The first group of friends to arrive were members of the National Capital Runners' Association. My mom had been an avid runner, often winning medals in her "Little Old Ladies" category and quietly pinning them up in her den. She (and my father) had won the NCRA Phidippides Award for their years of editing the NCRA newsletter, as well as organizing many races and events.

Next came members of the Bells Corners Arts League. Mom was a prolific artist in an embroidery medium called Trianglepoint that forced - and enabled - development of geometric patterns from equilateral triangles of wool. She had mastered the production technique quickly (although pictures took a long time to complete) but she was always experimenting with and challenging the constraints of those triangular matrices. Once or twice she organized the BCAL summer arts sale and one other year one of her Trianglepoints won the Best in Show award. (She also sold a lot of pictures.)
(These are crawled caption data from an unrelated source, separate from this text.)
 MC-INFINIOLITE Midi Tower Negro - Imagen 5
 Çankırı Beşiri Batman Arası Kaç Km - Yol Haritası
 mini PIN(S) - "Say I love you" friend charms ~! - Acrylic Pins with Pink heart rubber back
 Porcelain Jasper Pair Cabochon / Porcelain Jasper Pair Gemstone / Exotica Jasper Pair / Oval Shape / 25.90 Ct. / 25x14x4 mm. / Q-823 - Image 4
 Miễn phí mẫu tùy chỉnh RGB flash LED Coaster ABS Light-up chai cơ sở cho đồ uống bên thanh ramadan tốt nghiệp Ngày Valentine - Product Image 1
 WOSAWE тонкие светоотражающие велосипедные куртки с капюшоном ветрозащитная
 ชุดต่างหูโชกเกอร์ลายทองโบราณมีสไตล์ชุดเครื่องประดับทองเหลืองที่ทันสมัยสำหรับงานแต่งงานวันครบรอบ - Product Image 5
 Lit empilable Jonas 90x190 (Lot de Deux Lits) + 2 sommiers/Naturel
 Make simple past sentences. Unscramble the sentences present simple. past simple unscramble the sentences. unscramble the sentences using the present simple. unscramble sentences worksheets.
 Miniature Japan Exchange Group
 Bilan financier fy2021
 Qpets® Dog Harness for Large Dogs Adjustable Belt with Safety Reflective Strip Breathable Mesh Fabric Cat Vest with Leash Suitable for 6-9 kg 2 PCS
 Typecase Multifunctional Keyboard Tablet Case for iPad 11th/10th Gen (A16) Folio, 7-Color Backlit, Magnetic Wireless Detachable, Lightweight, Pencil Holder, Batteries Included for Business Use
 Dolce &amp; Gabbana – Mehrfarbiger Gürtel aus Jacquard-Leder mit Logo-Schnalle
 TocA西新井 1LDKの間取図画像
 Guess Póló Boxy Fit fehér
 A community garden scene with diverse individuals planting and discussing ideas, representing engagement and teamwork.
Finally came members of the Cityview Nepean Horticultural Society. They had (I think) Spring, Summer and Fall garden judging contests and she was famous for winning, and thus being ineligible for the next year's contest, and then winning it again. (Mom earned a certificate in horticulture from Guelph University too.) Mom was often elected to the CNHS board and contributed to beautification of the community through both her gardening and her organization skills.

The amazing thing at the reception was than almost no members of any of these groups had known how busy Mom had been with all the others. They all thought she worked tirelessly for their own group. And that's what she had done.

That way she helped people is one of the things I miss about her and one of the things I have tried to learn from her.